__Exercise data__

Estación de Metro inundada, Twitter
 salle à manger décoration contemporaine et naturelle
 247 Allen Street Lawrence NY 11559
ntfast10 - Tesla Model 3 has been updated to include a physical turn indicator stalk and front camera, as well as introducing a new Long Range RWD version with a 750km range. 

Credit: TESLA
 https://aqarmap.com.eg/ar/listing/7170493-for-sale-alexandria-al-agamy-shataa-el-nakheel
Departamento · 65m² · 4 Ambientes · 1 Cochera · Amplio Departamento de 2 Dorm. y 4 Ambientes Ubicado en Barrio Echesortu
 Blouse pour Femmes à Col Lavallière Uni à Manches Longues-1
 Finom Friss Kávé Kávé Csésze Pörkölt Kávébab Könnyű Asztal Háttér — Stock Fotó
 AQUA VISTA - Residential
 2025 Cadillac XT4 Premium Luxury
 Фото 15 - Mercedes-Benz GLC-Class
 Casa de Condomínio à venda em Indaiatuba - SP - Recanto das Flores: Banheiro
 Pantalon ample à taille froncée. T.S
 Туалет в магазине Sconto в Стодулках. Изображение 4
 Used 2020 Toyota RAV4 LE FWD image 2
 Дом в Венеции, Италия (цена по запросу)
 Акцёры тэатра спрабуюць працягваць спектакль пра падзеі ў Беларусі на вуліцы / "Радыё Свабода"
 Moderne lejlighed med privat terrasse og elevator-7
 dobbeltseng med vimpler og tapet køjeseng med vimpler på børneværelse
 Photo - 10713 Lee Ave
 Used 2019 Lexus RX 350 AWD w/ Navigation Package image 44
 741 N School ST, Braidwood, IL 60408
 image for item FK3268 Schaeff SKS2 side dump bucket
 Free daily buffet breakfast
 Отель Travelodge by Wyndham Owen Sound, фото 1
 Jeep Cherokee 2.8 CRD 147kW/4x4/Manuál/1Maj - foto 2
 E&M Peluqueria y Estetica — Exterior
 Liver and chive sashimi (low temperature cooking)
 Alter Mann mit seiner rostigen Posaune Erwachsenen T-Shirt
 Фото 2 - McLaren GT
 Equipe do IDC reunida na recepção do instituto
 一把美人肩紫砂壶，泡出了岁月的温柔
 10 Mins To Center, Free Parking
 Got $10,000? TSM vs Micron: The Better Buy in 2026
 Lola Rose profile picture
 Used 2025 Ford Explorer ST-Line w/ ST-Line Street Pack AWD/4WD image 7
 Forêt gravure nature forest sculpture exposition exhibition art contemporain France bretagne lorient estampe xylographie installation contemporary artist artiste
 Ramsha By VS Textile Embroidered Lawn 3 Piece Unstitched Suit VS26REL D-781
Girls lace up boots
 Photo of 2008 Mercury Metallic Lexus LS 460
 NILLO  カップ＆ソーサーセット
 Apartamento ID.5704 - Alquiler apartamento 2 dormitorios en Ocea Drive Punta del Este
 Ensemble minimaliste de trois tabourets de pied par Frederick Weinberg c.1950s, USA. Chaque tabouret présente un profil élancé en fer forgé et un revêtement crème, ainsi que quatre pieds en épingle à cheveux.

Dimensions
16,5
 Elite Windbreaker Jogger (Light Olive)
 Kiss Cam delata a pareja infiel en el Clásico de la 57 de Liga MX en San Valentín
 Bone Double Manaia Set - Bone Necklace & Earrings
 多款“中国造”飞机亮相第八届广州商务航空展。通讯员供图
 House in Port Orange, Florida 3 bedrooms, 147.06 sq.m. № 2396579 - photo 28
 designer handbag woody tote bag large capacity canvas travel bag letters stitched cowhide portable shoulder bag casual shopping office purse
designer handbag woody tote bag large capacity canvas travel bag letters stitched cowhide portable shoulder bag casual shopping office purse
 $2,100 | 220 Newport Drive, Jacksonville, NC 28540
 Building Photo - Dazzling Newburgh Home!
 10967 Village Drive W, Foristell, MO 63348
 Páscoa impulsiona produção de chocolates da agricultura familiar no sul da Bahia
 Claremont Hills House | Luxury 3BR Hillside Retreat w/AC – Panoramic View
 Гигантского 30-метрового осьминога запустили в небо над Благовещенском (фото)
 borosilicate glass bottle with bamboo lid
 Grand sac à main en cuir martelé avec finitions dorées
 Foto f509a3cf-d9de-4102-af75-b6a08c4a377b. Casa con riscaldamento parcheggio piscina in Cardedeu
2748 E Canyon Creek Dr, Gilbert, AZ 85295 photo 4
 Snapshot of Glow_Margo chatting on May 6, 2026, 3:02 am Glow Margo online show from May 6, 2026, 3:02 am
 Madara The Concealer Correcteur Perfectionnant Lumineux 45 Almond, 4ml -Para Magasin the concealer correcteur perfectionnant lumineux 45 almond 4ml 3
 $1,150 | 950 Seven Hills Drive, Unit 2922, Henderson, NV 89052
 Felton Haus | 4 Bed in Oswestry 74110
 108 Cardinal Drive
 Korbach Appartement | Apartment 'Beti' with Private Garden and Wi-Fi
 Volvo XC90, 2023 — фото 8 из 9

__Problem to solve__
Look through the listing, and copy each line that contains the word "woody".

__Solved exercise__
 designer handbag woody tote bag large capacity canvas travel bag letters stitched cowhide portable shoulder bag casual shopping office purse
designer handbag woody tote bag large capacity canvas travel bag letters stitched cowhide portable shoulder bag casual shopping office purse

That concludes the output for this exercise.